Encyclopedia of Libertarianism

I don't yet have my copy of CATO's Encyclopedia of Libertarianism. I do want to note, though, that I wrote the entry on George Washington. There is a preview on googlebooks; but my GW entry is not yet included in the preview (I think it's on p. 535). However you can see my name on the contributor list here. And let me say it's an honor to be included in a project with such distinguished authors.


Anonymous said...

The current financial crisis shows the bankruptcy of libertarianism. Ayn Rand, Greenspan, Graham, McCain - and unbroken chain of economic charlatanism.

In economics, a libertarian is just the same as the GOP.

Jonathan Rowe said...

Hey Anon: 11/09/89.



Brad Hart said...

Congrats on the publication, Jon! I look forward to reading it!

Jonathan Rowe said...

Thanks. Check out the preview now; I think you now read it that way.

Eric Alan Isaacson said...

Congratulations Jonathan!

Is this an encyclopedia of "libertarianism" in the broad sense, that runs from Emma Goldman, Peter Kropotkin, and Noam Chomsky, on the left, to Ludwig von Mises, F.A. Hayek, and Milton Friedman on the right?

Or does only the right end of the libertarian spectrum get covered?

Yours in liberty,


Eric Alan Isaacson said...

Seeing the Encyclopedia is offered by at a $21 discount, I'm pleased to say I've placed my own order, and look forward to reading your work Jonathan.

In liberty, as always,


Jonathan Rowe said...

Thanks Eric for placing the order. From what I know the work tries to be expansive (for instance, we got former libertarian now traditionalist conservative Ed Feser to write the "conservative" critique of libertarianism), but in positing the notion of libertarianism, we consider what you would consider the more "rightward" libertarianism (that is that which embraces economic liberty) to be authentic "libertarianism." This is the Cato Institute, after all.

Eric Alan Isaacson said...

I recall that Karl Hess and Murray Rothbard once hoped to bridge the divide between the libertarian left and right, but it seems to me that it's deeper and wider today than ever.

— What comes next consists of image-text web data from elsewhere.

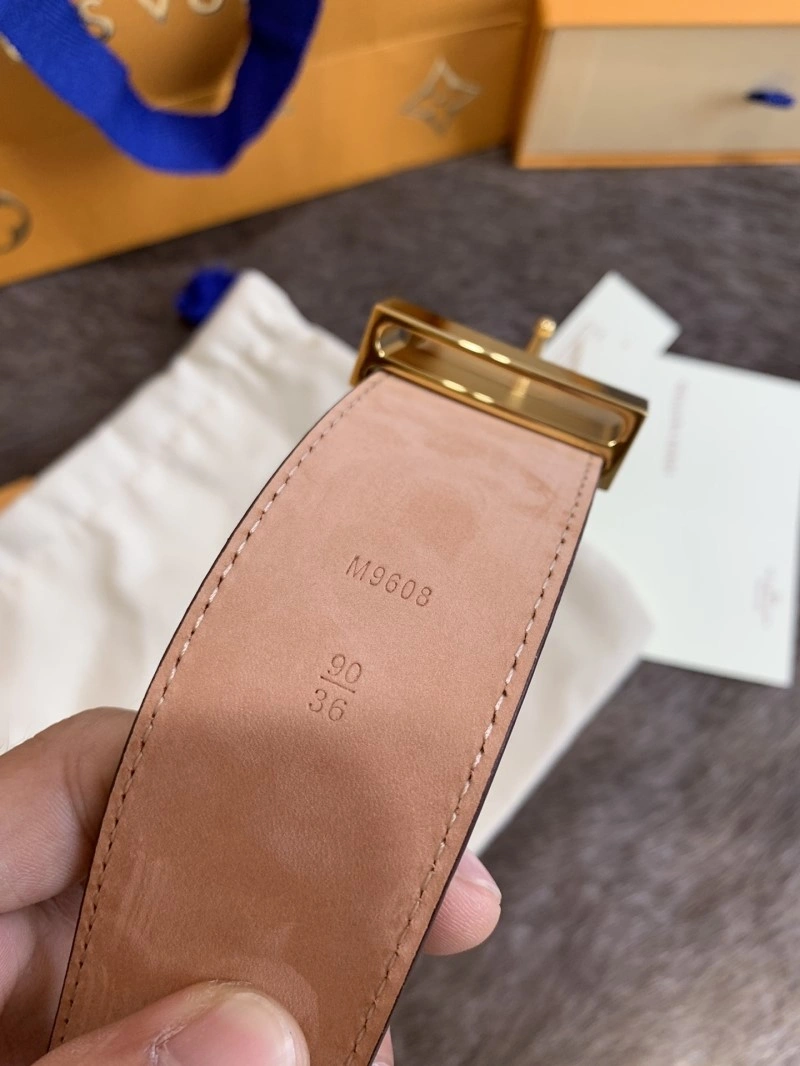 Louis Vuitton Belts Practical 299649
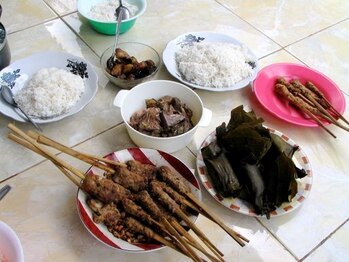 アジアンリラクゼーション ヴィラ 大橋店(asian relaxation villa)/バリ島:お祭りの食べ物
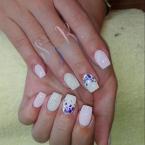 Nailfetti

By the way, one of my favorite anthologies of libertarian thought is Henry J. Silverman's American Radical Thought: The Libertarian Tradition (Lexington, Mass.: D.C. Heath & Co, 1970), which traced the antiauthoritarian currents in American thought, from the American Revolution to the Civil Rights, Black Power, and Vietnam War-era antiwar movements.

Silverman’s book began with Thomas Jefferson, the Declaration of Independence, and Thomas Paine, then traced the spirit of liberty through the writing of the great Transcendentalists, Ralph Waldo Emerson (“Self Reliance”) and Henry David Thoreau (“Essay on Civil Disobedience”).

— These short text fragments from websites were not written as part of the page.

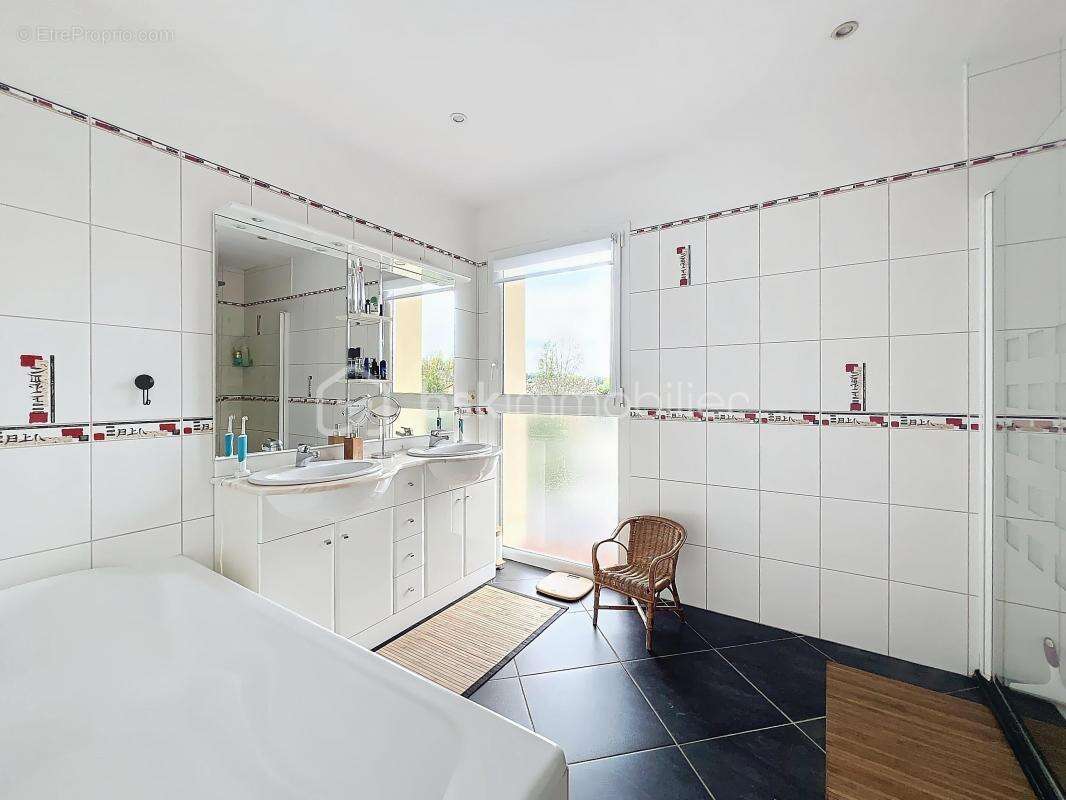 Maison à SAINT-GERVAIS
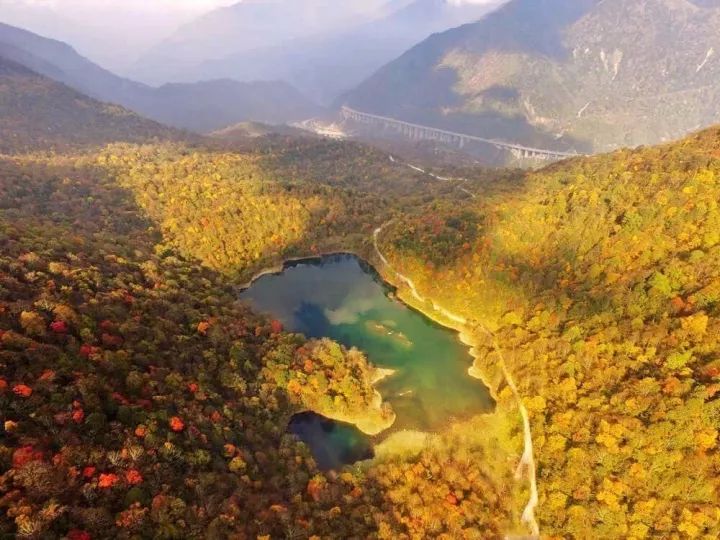 月亮湖‖堪比海螺沟的小众秋景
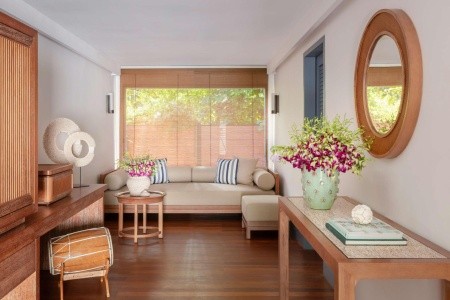 Maldivy  Raffles Maldives Meradhoo Resort 10 dňový pobyt Raňajky Letecky Letisko: Praha October 2026 (10/10/26-19/10/26)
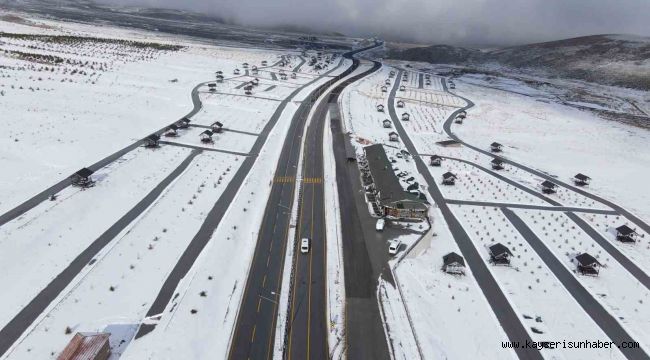 Beyaza bürünen Erciyes'te kartpostallık görüntüler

Silverman’s sampling of libertarian strands in nineteenth century thought included the individualist anarchists, represented by Josiah Warren and Benjamin Tucker, and the mutualists, represented by Lysander Spooner and William B. Greene, as well as the Christian Nonresistance of the Rev. Adin Ballou (and the antebellum William Lloyd Garrison).

Silverman included the libertarian far left as well: Alexander Berkman, Voltairine de Cleyre, and Emma Goldman, whom J. Edgar Hoover declared the “most dangerous woman in America,” and who was stripped of her American citizenship and deported in 1919 for opposing the insanity of the First World War.

Bringing libertarian thought up to the 1970s, Silverman included essays by Ammon Hennacy (of the Catholic Worker movement), Staughton Lynd and Thomas Hayden’s antiwar rhetoric, the “libertarian aesthetic” of Allen Ginsberg, the Young Americans for Freedom “Tranquil Statement,” Karl Hess’s “Death of Politics,” Murray Rothbard’s “Confessions of a Right-Wing Liberal,” and Paul Goodman’s “Touchstone for a Libertarian Program.”

He wrapped things up with a chapter on “The Black Rebellion,” featuring the Rev. Dr. Martin Luther King’s “Letter from a Birmingham Jail,” Malcolm X’s “the Black Revolution,” and the Black Panthers’ “Panther Statement.”

Now that was an anthology of libertarian thought, one of breathtaking sweep and breadth. I know, Silverman probably should have included Ayn Rand and the Objectivists. Still, most anthologies of libertarian thought look cramped and unbalanced by comparison to Silverman’s extraordinary collection.

Tom Van Dyke said...

I like Murray Rothbard a lot. An atheist and a Thomist. My kinda guy.